Lasry ist weiterhin vom Bitcoin überzeugt und hat ca. 1% seines Privatvermögens in die Kryptowährung investiert.
Zitate
– "Früher oder später setzt sich die Logik durch."
– "Einen Boden kann man nicht timen. Aber man kann einen Zyklus für fünf Jahre vorausahnen. Und die Menschen werden fragen, warum sie nicht gekauft haben."
– "Was Buffett und andere so erfolgreich gemacht hat, ist die Fähigkeit, Dinge in den erhältlichen Daten zu sehen, die andere nicht sehen."
– "Ich will nicht hören, wie großartig eine potentielle Investition sein könnte – ich möchte hören, wie sie uns schaden kann."
– "Erst wenn wir einmal wissen, dass unser Risiko begrenzt ist, beschäftigen wir uns mit dem Potenzial eines Unternehmens."
– "Ein gehebeltes Portfolio zwingt dich dazu, irrational zu handeln, wenn der Markt irrational handelt, anstatt rational zu handeln, wenn der Markt irrational ist."
– "Alle sehen die gleiche Situation, aber nur wenige investieren und noch weniger schneiden dabei gut ab."
– "Es gibt viel weniger Jungs in unserer Sphäre als im Equity-Bereich."
– "Der Hauptgewinn für Distressed Investoren ist, wenn man eine Anleihe für 30, 40 oder 50 Cents auf den Dollar kauft und sein Investment vom Buchwert abgedeckt wird."
– "Weil wir als Immigranten herkamen, wurden wir Demokraten.

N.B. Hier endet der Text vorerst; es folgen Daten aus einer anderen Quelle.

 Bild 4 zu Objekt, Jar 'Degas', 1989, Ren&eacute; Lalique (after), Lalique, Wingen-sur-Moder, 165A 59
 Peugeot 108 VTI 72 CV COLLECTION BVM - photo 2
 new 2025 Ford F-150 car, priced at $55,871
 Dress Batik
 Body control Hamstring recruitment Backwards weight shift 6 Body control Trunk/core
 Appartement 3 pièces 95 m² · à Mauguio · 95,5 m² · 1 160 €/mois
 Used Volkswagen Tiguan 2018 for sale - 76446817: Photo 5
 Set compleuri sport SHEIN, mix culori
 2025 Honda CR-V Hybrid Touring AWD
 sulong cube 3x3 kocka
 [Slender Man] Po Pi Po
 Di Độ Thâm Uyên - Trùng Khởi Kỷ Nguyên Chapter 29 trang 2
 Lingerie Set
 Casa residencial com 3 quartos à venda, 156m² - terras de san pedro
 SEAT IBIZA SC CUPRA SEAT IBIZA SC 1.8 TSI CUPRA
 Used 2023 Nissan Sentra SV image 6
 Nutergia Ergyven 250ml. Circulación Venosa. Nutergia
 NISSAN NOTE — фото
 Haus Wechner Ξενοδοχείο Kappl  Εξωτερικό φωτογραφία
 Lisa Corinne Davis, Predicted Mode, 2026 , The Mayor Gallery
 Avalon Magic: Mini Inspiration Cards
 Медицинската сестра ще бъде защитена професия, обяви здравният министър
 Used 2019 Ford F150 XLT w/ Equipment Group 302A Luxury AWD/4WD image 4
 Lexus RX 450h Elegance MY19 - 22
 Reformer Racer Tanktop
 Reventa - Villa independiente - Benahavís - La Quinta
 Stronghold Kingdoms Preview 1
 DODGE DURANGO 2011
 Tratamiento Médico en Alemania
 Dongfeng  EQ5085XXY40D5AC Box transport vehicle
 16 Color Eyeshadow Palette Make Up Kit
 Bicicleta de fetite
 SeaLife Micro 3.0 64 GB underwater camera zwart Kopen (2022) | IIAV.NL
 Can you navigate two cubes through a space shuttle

So wurde ich erzogen."
– "Ich bin phänomenal erfolgreich, und das kann ich nur in diesem Land sein."
– "Früher oder später wird uns die Realität einholen. Der Zyklus wird sich umkehren und wir werden bereit sein."
– "Die meisten Investoren fokussieren sich darauf, was sie gewinnen können. Wir fokussieren uns darauf, was wir verlieren können."
– "Ich habe eine Rendite generiert, die mit Aktieninvestments mithalten kann und dabei wesentlich weniger Risiko in Kauf genommen. Das ist unser täglich Brot."
– "Wenn du jemanden triffst, der dir um Klassen überlegen ist, dann ist das der richtige Ort zum Arbeiten."
– "Die Person, die am besten vorbereitet ist, die am meisten gearbeitet hat, hat einen enormen Vorteil. Die meisten Menschen sind nämlich faul."